Il Governo ugandese specifica che la cooperazione militare con Pyongyang non si limita all’insegnamento delle arti marziali alla polizia ma coinvolge altri settori quali: operazioni di salvataggio, attività contro terroristiche e di intelligence, metodologie di indagini criminali e costruzione di infrastrutture per la polizia e le forze anti sommossa. La formazione avviene presso l’isola di Migingo, sul Lago Vittoria, perennemente oggetto di una dura disputa territoriale tra Uganda e Kenya.

Kampala, nella risposta, ricorda la visita del Ministro della Sicurezza Coreano Ri Song Chol, avvenuta nel 2013. Per l’occasione furono siglati degli accordi per l’acquisto di gas lacrimogeni e giubbotti anti proiettili destinati alla polizia ugandese. Nelle conclusioni della risposta, il Governo ugandese specifica che la formazione della polizia e l’acquisto di equipaggiamento logistico non viola l’embargo sulle armi imposto alla DPRK dalle Nazioni Unite.

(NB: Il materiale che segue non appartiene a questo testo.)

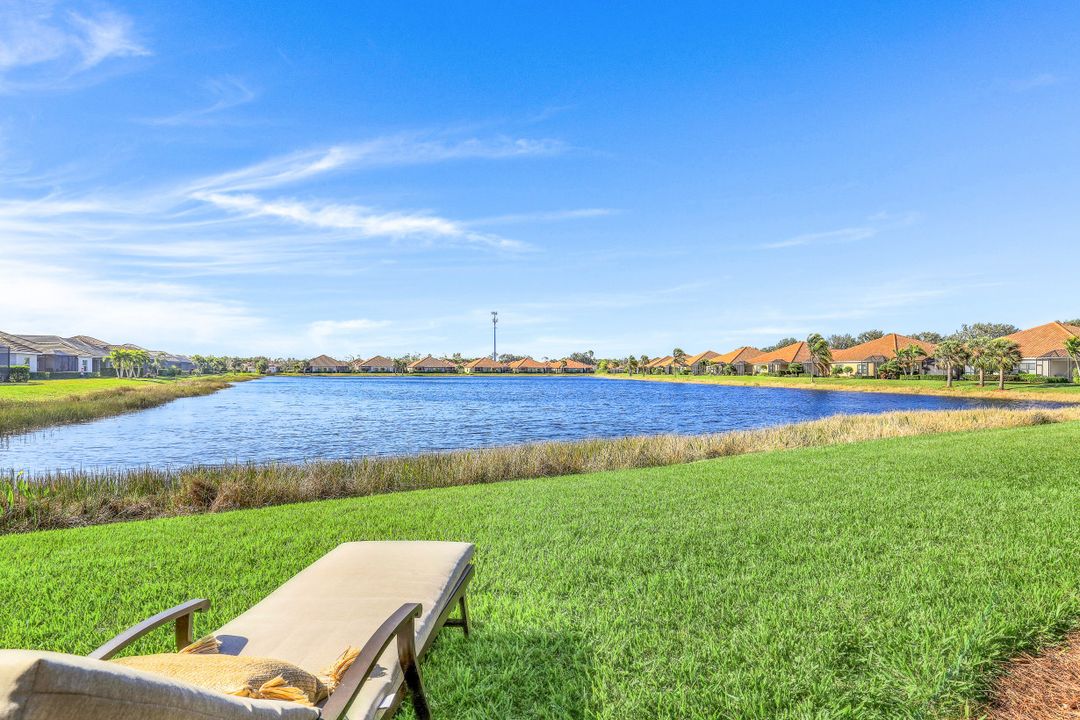 4408 Waterscape Ln, Fort Myers, FL 33966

La risposta ufficiale non menziona però le passate relazioni tra Kampala e Pyongyang che risalgono al 1987, quando Museveni conquistò il potere. All’epoca la DPRK concesse un prestito di 4 milioni di dollari per rafforzare la capacità militare del esercito rivoluzionario National Revolutionary Army (NRA), successivamente trasformato in Uganda People’s Defence Army (UPDF). Sempre nel 1987 Pyongyang affiancò al NRA 40 esperti militari coreani. Nel 1898 il Presidente Museveni firmò degli accordi di scambi commerciali che prevedevano la vendita di caffè e cotone in cambio di armi coreane. Gli esperti ONU hanno etichettato la risposta ricevuta dall’Uganda come non esauriente, senza specificare la data in cui l’hanno ricevuta.

Forte l’imbarazzo degli esperti ONU sulle 24 casse di munizioni per mitragliatrici pesanti da 14,5 millimetri di fabbricazione nord coreana trovate in dotazione al contingente africano in Somalia AMISOM, finanziato dalle Nazioni Unite. Citando l’accaduto nel rapporto, gli esperti ONU affermano di non essere stati in grado di determinare come e chi ha consegnato queste munizioni ai caschi blu africani, limitandosi solo a formulare l’ipotesi che le munizioni facessero parte di un vecchio stock consegnato da Pyongyang alla Libia nel 1977. Una coltre di silenzio è calata al Palazzo di Vetro di New York a seguito della precisazione del Comando Militare ugandese del AMISOM dove si specifica che le munizioni nord coreane sono state consegnate dalle Nazioni Unite seguendo regolari procedure.

Occorre notare che le Nazioni Unite sembrano particolarmente deficitarie nella denuncia del traffico clandestino di armi leggere e pesanti attuato dalle multinazionali occidentali nei principali teatri di guerra africani. Una dimenticanza involontaria?